‘Jesus lifted up his hands and while he blessed his disciples he parted from them. Allelulia’. (Luke 24, verse 50. Also ASB Alternative Service Book, introductory service).
As we celebrate the mysterious event we call the Ascension we emphasize the fact that our Christianity, our faith, is so much more than purely a philosophy or a mere system for the conduct of life. It is a Christian faith, a belief that goes beyond philosophy; our lives are not just directed by human logic and observation. We have a religion based on the revelation (or reveal – ation) of God Himself.
If we were to try and rationalize our faith and bring it within the terms of our human comprehension alone, then we could begin to destroy it. Over the years many have tried to explain away the miraculous, the inexplicable. The only explanation of course is faith; faith in God and his son Jesus, who came to demonstrate the way.
So in our gospel story of the ascension we see Christ rising up in full sight of his apostles until he was hid from them in clouds; something that is outside of our own experience and that cannot be explained away in terms of our limited human experience.
In Christ’s day even the wisest people believed that the earth was flat and that heaven was a place above the sky, so some scholars will claim that Jesus chose this way to depart from his friends to fit in with their world view. Other scholars have thought that the disciples were put into some kind of trance, or even that St. Luke is putting down what he saw in a vivid dream or vision. But the ascension can only be understood through and with faith, in terms of the supernatural, a mystery, a miracle, a God incident; something above and beyond human nature and understanding.
Today we know we need to keep faith and it is that faith that is at the heart of our Christianity. ‘We believe’, we say those words each time we repeat the Creed, we believe, we believe Jesus was the son of God and that he demonstrated God’s love in word and deed even when that deed was beyond normal human understanding. Christ is with us, he is not merely an echo of his teaching and parables nor is he the shadow of a past presence, now gone away. He is with us as truly as he was with the widow and her son at Nain, with the lepers, with the five thousand who were fed, with the penitent thief dying on the cross beside him. He is with us for the same reason, to heal in mind, soul and body; to forgive us our sins, to feed us when we are hungry and to be with us in the hours of darkness.

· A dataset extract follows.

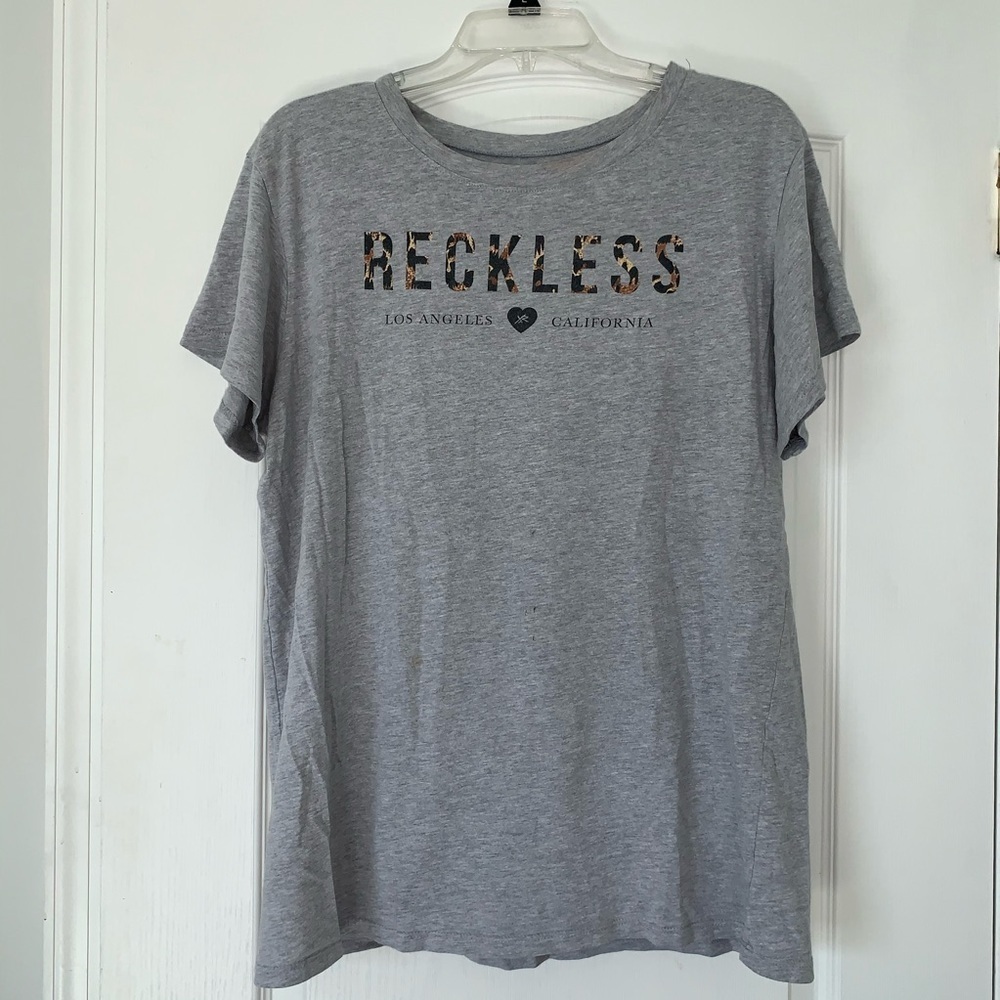 Young and reckless oversized leopard t shirt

From heaven Jesus continually intercedes for us while remaining with us on earth. The ascension is a guarantee that Christ at the end of his life did not lay aside his humanity but shared with us our humanity so that we might share his divine nature.
He is high and lifted up and his train fills the temple. He touches earth so we too might reach for heaven. For me, I find the ascension somewhat comforting; it is a promise fulfilled but it also shows me that there is a place, a better place to which we too may be lifted up and that by following Jesus we can follow him all the way to heaven and dwell with him ever after in eternity. The ascension is faith, is hope, is everlasting life.